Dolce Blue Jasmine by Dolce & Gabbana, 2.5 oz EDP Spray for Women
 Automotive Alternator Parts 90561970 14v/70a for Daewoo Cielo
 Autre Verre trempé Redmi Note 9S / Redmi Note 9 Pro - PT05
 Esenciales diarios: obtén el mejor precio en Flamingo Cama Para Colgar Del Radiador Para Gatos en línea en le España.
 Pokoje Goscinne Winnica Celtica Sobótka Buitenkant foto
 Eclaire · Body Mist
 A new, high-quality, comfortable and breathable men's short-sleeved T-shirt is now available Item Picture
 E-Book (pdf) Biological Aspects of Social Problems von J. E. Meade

● ● ●

§ Exercise instructions: All lines from the one containing "Eclaire · Body Mist" through the final line of the records above are to be set down exactly, and no other line is to appear.

§ Exercise solution:
 Eclaire · Body Mist
 A new, high-quality, comfortable and breathable men's short-sleeved T-shirt is now available Item Picture
 E-Book (pdf) Biological Aspects of Social Problems von J. E. Meade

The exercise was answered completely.